Time and Water | Com imagens arrebatadoras, doc lida com morte de geleiras

Novo filme de Sara Dosa espelha mudanças na natureza da Islândia com perdas pessoais

Omelete
3 min de leitura
02.02.2026, às 14H41.
Atualizada em 02.02.2026, ÀS 14H57
Time and Water

Créditos da imagem: National Geographic

No clímax de Time and Water, o novo documentário de Sara Dosa – que há alguns anos fez o indicado ao Oscar Vulcões: A Tragédia de Katia e Maurice Krafft  –, vemos um tipo de funeral que nunca havia ocorrido antes na história da humanidade. Na Islândia, o escritor e poeta Andri Snær Magnason conduz uma cerimônia fúnebre para a morte da geleira Ok, a primeira do país a perder esta classificação e passar a ser apenas uma montanha rochosa. Como parte da programação, uma placa com um dizer escrito por Magnason é fincada nas pedras: “Nós sabemos o que precisa ser feito,” ele escreveu. “Mas só vocês saberão se o fizemos.”
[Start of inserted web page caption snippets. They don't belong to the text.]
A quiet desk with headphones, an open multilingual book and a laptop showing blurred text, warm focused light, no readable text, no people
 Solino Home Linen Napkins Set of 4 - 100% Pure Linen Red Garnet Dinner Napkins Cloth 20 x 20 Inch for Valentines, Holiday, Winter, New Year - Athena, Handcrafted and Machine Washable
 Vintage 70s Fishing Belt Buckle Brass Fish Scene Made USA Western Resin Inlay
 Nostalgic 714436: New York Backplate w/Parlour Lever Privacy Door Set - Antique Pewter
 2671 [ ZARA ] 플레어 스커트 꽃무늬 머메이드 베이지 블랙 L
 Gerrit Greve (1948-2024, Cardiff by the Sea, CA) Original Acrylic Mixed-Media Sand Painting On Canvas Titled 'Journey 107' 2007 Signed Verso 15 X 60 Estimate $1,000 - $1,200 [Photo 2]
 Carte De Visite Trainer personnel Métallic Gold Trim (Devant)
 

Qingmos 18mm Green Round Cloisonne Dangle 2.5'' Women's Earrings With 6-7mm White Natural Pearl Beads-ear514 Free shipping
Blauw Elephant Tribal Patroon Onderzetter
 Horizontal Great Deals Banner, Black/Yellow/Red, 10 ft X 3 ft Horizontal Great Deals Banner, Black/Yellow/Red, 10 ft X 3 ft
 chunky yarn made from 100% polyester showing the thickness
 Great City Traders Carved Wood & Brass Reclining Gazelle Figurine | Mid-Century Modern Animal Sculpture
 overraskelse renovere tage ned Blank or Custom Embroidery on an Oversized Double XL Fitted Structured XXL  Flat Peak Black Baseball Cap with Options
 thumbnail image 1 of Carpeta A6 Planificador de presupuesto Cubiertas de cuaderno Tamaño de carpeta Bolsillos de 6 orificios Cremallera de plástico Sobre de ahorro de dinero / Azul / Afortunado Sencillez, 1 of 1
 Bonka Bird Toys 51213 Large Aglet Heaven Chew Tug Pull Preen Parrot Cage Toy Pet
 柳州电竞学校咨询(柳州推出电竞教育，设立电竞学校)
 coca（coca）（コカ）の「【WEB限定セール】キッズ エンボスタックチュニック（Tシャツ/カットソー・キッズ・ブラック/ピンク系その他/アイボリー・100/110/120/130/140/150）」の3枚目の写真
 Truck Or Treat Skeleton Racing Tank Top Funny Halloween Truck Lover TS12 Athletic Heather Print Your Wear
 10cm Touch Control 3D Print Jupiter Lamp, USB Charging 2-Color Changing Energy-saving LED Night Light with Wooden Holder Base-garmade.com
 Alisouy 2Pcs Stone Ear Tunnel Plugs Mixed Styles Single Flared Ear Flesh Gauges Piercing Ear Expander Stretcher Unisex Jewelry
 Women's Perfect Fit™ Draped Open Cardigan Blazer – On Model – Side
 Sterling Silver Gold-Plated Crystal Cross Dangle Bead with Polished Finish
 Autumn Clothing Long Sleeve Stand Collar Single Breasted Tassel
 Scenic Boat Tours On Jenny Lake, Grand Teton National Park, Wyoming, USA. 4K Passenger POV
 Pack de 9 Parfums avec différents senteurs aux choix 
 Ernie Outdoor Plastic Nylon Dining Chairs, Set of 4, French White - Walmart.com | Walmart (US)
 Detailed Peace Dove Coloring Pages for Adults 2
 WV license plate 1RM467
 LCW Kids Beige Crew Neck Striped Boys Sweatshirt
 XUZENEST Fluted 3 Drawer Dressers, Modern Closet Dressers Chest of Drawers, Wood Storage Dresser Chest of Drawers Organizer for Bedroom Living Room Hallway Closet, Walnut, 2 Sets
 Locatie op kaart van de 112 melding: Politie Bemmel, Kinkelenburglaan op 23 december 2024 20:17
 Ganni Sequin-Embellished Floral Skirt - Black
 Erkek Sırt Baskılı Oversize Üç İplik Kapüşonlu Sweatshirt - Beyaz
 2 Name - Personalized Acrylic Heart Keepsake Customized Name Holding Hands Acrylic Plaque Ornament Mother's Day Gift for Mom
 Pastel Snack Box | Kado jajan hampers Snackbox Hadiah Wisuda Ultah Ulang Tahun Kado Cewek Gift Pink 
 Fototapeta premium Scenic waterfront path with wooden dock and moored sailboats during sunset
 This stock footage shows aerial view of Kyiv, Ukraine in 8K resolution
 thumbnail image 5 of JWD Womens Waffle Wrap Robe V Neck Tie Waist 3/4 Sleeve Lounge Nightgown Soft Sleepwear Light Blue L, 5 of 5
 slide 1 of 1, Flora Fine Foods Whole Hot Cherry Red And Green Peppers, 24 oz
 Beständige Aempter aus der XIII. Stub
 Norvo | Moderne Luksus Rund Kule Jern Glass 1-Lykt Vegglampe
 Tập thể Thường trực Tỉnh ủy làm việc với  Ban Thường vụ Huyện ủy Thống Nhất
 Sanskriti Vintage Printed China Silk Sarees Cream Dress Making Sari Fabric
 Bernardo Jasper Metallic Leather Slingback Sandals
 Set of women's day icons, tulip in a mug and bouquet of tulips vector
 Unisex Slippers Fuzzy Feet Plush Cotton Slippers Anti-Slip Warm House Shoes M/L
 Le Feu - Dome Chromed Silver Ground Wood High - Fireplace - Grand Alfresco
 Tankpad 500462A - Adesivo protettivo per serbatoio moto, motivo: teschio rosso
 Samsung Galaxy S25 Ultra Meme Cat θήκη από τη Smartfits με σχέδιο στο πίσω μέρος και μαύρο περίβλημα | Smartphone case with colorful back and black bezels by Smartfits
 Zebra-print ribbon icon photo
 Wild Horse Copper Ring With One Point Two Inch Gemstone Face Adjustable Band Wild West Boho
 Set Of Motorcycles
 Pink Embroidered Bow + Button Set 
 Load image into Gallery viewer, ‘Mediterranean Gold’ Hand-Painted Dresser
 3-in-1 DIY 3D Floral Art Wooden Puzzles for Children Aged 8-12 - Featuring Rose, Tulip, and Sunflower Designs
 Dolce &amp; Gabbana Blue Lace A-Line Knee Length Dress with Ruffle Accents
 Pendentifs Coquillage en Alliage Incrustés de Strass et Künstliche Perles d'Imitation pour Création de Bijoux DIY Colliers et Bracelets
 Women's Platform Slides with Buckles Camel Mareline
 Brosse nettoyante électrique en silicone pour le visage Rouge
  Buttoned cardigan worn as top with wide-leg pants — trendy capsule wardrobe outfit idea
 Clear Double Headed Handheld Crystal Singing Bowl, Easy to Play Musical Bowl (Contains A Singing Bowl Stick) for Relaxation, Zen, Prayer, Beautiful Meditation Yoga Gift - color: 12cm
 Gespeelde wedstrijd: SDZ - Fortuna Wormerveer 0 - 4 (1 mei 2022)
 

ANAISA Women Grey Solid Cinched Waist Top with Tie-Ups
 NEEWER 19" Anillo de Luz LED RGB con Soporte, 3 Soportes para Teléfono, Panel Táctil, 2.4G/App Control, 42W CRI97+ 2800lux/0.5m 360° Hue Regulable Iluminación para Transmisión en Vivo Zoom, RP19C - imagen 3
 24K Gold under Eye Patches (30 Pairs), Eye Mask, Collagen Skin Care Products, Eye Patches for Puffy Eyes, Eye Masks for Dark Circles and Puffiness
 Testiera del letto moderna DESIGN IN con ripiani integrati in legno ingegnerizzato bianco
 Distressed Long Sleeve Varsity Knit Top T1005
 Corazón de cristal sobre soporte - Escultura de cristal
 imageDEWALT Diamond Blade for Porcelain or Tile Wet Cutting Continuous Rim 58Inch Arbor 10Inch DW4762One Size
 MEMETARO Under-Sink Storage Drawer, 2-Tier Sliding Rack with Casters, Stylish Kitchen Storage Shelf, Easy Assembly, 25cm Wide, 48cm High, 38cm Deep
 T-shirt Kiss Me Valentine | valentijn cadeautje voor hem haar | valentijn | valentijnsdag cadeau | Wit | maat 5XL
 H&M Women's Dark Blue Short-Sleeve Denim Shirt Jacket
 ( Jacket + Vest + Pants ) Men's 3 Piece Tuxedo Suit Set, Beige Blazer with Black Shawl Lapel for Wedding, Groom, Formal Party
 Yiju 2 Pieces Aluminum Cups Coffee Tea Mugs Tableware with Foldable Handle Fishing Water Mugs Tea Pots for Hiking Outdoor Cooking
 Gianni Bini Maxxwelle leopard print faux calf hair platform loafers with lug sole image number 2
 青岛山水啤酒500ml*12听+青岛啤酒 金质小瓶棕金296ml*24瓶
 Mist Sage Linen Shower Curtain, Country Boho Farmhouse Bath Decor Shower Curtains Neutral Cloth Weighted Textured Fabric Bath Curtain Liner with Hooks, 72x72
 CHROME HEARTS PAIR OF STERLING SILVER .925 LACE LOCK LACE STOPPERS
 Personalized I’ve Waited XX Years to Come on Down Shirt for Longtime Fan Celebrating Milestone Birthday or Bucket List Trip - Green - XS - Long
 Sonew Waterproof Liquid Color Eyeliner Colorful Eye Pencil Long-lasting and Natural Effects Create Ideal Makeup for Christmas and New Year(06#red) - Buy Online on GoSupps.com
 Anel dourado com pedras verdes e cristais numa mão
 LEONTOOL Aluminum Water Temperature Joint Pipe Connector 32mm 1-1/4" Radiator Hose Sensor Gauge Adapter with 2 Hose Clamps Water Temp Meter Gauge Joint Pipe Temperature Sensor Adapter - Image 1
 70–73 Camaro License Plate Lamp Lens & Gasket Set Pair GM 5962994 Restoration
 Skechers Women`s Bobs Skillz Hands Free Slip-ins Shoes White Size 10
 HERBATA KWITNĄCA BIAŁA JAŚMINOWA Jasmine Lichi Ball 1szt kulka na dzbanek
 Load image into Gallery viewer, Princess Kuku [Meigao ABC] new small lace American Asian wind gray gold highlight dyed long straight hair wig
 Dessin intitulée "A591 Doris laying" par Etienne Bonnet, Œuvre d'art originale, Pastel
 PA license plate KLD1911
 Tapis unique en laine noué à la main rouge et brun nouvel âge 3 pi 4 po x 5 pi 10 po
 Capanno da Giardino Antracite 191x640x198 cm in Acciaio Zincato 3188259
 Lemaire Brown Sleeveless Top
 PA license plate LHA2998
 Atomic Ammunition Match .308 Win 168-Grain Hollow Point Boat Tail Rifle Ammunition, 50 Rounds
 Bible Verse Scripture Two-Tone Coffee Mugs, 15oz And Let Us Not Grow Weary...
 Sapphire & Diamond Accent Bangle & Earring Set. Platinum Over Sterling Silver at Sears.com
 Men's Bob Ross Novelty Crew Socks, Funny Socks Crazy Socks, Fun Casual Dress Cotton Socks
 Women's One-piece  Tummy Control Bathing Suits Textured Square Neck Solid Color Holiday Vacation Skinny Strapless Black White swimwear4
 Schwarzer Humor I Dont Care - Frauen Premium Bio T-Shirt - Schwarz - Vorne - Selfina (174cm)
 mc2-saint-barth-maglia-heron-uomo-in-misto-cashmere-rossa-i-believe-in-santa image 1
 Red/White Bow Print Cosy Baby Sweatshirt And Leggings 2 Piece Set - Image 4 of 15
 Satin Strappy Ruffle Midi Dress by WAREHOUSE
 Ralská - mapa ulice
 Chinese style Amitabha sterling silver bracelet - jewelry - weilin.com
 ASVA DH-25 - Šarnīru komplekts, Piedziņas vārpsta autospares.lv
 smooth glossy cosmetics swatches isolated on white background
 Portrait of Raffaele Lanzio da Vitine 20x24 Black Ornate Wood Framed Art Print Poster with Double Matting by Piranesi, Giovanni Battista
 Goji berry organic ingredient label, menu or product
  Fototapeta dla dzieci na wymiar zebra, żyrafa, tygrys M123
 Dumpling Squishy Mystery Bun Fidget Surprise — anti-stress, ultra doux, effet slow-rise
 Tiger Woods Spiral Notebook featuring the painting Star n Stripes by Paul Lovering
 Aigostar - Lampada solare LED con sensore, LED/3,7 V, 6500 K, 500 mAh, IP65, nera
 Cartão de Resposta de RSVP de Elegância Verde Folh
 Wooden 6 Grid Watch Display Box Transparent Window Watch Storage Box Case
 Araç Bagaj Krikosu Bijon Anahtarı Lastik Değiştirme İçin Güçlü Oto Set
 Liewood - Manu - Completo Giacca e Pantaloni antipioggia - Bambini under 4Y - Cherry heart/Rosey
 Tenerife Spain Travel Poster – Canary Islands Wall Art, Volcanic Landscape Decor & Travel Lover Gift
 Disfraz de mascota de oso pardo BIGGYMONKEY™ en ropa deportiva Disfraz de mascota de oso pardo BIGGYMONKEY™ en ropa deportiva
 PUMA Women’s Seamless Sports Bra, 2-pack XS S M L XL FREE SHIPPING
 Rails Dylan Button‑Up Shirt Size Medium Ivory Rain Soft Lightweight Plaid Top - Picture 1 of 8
Essa mensagem, um alerta para gerações atuais e futuras sobre as mudanças climáticas que já estão mudando a paisagem islandesa – e imediatamente impactando sua cultura, indústria e economia – engloba os temas do filme. Narrado pelo próprio Magnason, o longa mistura imagens arrebatadoras capturadas por Dosa e sua equipe (num esforço igualmente impressionante, mas biologicamente oposto, ao das chamas de Vulcões) com arquivos da família do escritor. Como destaque estão as filmagens feitas pelos seus avós. Foi, aliás, a morte iminente deles que o levou a buscar esses arquivos. Neles, há gravações de explorações das geleiras comandadas por sua família; máquinas do tempo que nos transportam para um branco infinito que, como fica abundantemente claro em Time and Water, pode desaparecer em questão de anos.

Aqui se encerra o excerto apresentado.